The message from Mint Street, where the country’s central bank is located, has disappointed the agents of the real sectors of the economy as they had been pining for either a repo rate cut or a minor tweaking of the cash reserve ratio (CRR) so that more funds would be available to them at reasonable rates.

Living up to his, by now, familiar image of springing surprises by not falling in line with the expectations of stakeholders in the economy, the RBI Governor, Dr D. Subbarao, has this time round not tinkered with the rates.

His contention that “our assessment of the current growth-inflation dynamic is that there are several factors responsible for the slowdown in activity, particularly in investment, with the role of interest rates being relatively small” might add salt to the wounds of trade and industry writhing under a high-cost economy.

More than that, his reference to deficient investment conditions in the economy is a reproof that the ruling dispensation in the Centre was not doing anything substantial to revive growth impulses.

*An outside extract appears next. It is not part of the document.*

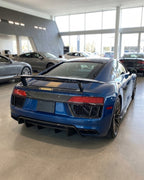 Audi R8 V10 Coupe 4S Gen 2 Dry Carbon Fiber Custom-Style Ducktail Rear Wing Spoiler 2016 - 2018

Rightly, the policy review recalls estimates suggesting that the real effective bank lending interest rates, though positive, remain comparatively lower than the levels seen during the high growth phase of 2003-08 when the Indian economy was cruising on a high growth trajectory of over 8 per cent, before it was slowed by the global financial meltdown and the associated contagion ill-winds.

No doubt, the argument for a rate cut all stems from the unassailable ground realities that the economy has slowed during the last three quarters and it is precisely during the last few months that the Government appeared none too bothered about its growing fiscal flab, manifest in both the fiscal and current account deficits.

The Government’s massive borrowing programme has not only pre-empted funds available for private players but also, in the process, pushed up the borrowing costs for trade and industry.

In such a situation, where the monetary brakes applied by the central bank as many as 13 times did not lead to desirable results with the fiscal mess remaining the Achilles’ heel of the economy.

Given the coalition Government’s inability to institute cost recovery in items such as diesel, when the global crude price was on a rollercoaster, price stability is but a lost cause.

It is small wonder that the consumer price index inflation which really hurts the aam admi rose from 8.8 per cent in February to 10.4 per cent in April. Under this circumstance, there is scarcely any point in shooting the messenger instead of addressing and redressing the governance deficit that is basically at the root of the fiscal and current account deficits that afflict the economy today.